- _YOUR OBJECTIVE_
Your answer is the lines below, exactly, from the one that contains "A dining room" through the one that contains "studio setting 120691654", both included.

- _MATERIAL FOR THIS TASK_
============================================================
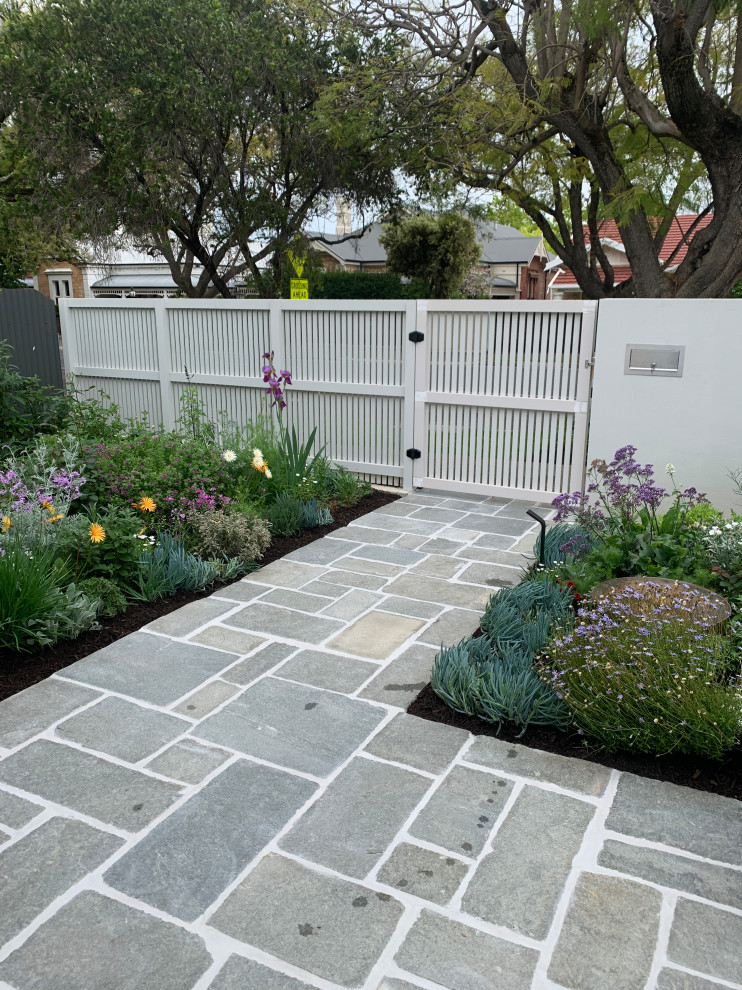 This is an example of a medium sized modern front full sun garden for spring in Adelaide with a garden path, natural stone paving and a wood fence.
============================================================
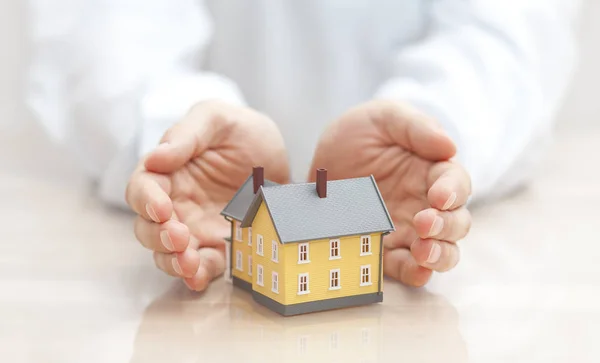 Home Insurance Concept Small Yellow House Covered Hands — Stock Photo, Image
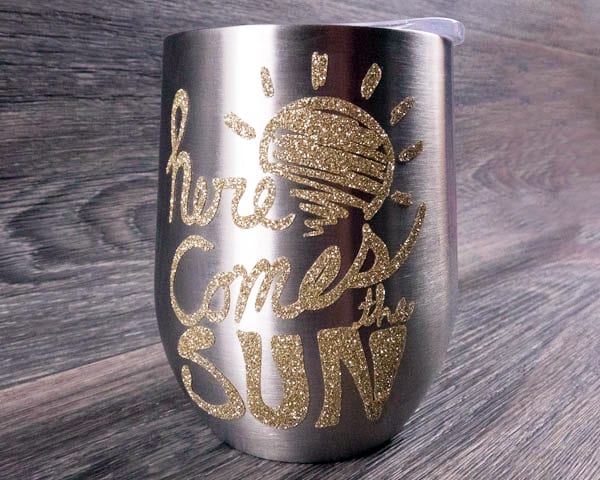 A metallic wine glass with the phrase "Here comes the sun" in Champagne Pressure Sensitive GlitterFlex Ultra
============================================================
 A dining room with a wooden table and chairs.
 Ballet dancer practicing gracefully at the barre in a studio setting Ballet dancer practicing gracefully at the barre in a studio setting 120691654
============================================================
- _RESULT BELOW_
 A dining room with a wooden table and chairs.
 Ballet dancer practicing gracefully at the barre in a studio setting Ballet dancer practicing gracefully at the barre in a studio setting 120691654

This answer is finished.